* _Work item_: Take the lines below from the one with "Ninola Design Botanic" through the one with "Furnas Control Relay 46MT40F" and print only them, exactly. Don't print the pictures.

* _Material shown_:
--*--

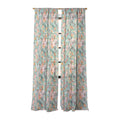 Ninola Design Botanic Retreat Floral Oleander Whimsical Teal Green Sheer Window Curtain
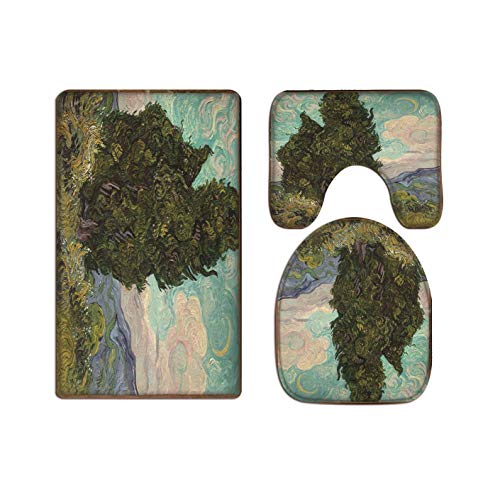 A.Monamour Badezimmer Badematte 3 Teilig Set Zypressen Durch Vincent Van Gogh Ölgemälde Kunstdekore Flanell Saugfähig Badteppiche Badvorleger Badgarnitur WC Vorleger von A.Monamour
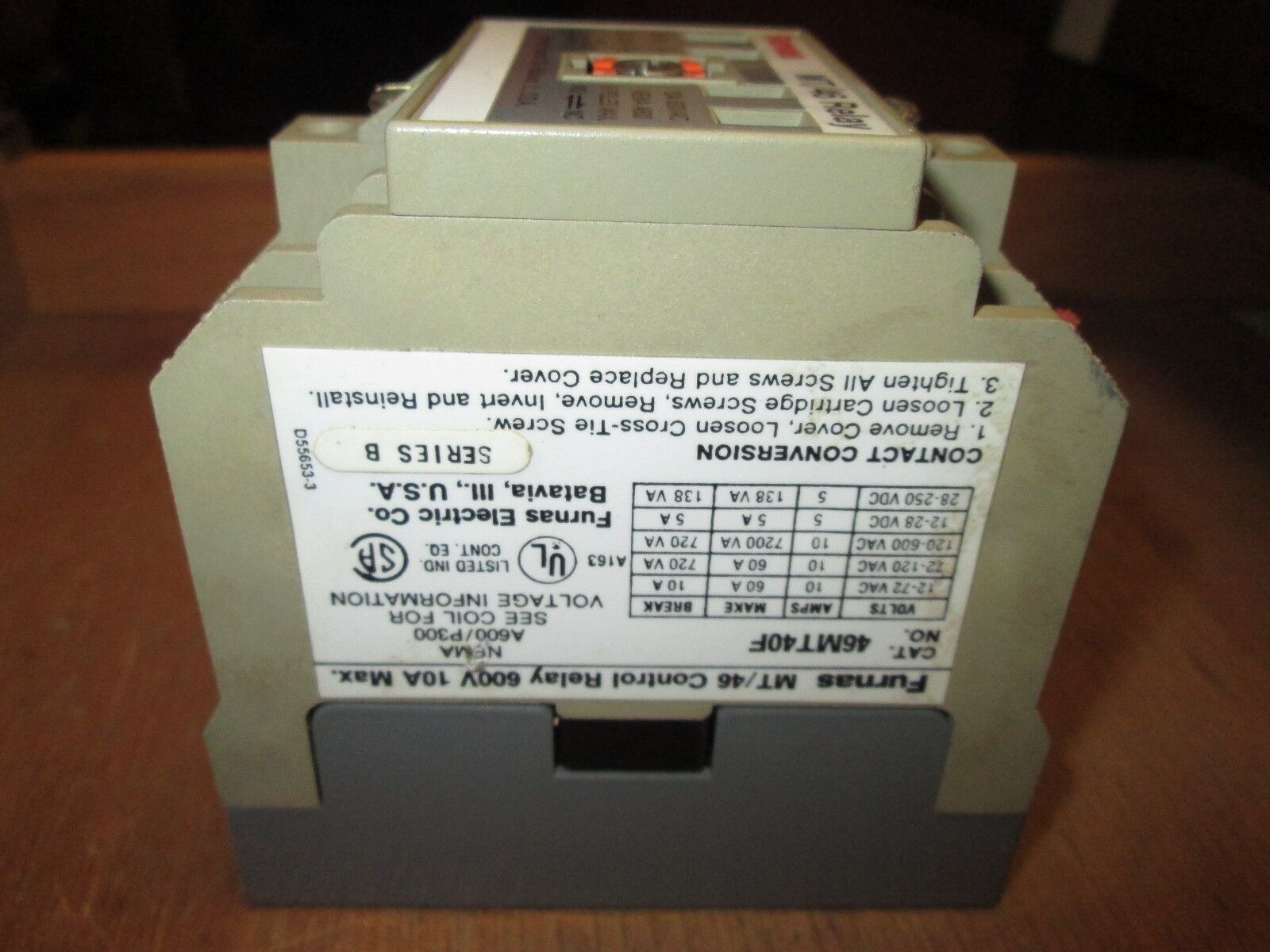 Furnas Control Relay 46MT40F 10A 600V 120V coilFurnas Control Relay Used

--*--

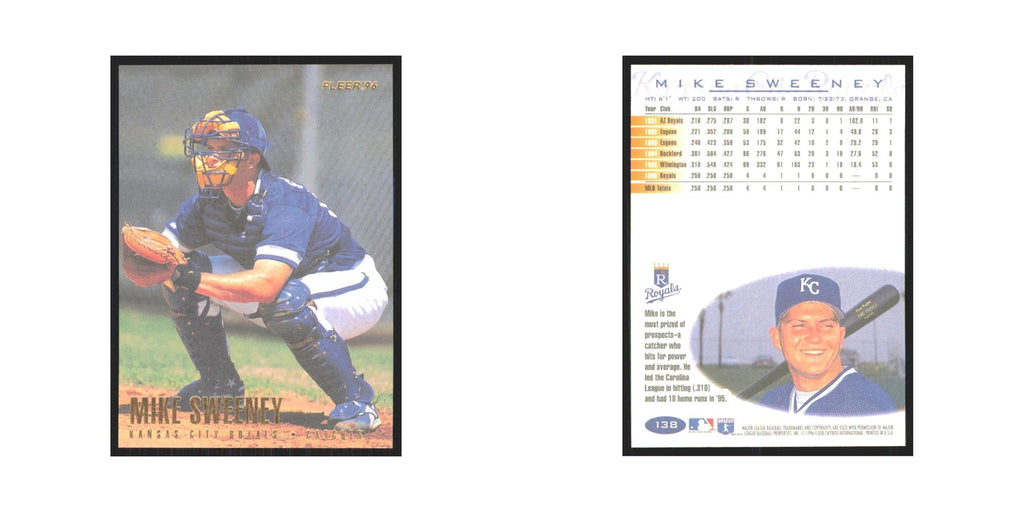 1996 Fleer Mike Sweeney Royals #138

--*--

* _Problem solution_:
 Ninola Design Botanic Retreat Floral Oleander Whimsical Teal Green Sheer Window Curtain
 A.Monamour Badezimmer Badematte 3 Teilig Set Zypressen Durch Vincent Van Gogh Ölgemälde Kunstdekore Flanell Saugfähig Badteppiche Badvorleger Badgarnitur WC Vorleger von A.Monamour
 Furnas Control Relay 46MT40F 10A 600V 120V coilFurnas Control Relay Used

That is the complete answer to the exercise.